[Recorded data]
+ + + +

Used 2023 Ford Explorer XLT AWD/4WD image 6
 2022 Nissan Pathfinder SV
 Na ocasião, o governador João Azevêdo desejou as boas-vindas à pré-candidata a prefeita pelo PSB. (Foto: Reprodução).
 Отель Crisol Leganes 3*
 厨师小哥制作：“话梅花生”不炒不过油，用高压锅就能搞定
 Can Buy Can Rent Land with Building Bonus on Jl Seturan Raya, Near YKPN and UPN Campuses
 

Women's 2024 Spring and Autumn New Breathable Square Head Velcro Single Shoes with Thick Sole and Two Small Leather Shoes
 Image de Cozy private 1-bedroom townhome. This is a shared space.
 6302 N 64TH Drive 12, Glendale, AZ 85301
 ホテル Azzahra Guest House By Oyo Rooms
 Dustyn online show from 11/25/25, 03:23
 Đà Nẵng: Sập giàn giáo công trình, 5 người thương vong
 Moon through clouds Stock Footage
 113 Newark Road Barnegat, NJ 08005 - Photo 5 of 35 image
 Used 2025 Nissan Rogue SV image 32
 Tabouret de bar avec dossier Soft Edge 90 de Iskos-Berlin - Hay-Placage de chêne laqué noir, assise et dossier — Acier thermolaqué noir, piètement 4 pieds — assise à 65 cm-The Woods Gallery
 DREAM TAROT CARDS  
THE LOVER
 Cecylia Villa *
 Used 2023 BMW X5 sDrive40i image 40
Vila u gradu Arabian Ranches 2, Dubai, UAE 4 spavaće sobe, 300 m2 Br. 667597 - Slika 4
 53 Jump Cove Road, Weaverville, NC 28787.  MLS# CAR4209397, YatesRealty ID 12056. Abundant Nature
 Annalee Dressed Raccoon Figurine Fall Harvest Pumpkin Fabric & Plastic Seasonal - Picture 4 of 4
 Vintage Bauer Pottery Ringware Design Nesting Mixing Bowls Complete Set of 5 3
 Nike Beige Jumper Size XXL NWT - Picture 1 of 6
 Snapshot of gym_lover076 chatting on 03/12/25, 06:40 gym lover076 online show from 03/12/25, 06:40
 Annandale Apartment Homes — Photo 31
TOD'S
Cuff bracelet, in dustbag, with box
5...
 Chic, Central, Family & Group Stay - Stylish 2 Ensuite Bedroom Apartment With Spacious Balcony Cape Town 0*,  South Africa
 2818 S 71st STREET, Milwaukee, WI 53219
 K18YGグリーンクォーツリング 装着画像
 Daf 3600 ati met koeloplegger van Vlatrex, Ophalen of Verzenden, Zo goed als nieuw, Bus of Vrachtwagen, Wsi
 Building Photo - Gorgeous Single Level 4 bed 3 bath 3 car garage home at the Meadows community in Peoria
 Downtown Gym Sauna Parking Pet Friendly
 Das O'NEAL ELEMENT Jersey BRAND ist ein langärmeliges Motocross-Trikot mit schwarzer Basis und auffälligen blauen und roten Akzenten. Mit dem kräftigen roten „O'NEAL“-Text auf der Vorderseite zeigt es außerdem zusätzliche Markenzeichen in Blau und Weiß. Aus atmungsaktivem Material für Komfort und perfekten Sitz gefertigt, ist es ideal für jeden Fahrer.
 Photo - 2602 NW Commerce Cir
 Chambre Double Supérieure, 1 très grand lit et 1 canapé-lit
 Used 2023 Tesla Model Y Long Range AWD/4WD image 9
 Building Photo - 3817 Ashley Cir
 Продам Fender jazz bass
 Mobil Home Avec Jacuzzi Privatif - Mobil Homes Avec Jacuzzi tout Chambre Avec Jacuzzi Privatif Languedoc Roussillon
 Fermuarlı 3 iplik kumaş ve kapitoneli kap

+ + + +

What to work on - Write out, exactly as shown, only the lines running from the one that contains "Продам Fender jazz bass" to the last line above.

Result -
 Продам Fender jazz bass
 Mobil Home Avec Jacuzzi Privatif - Mobil Homes Avec Jacuzzi tout Chambre Avec Jacuzzi Privatif Languedoc Roussillon
 Fermuarlı 3 iplik kumaş ve kapitoneli kap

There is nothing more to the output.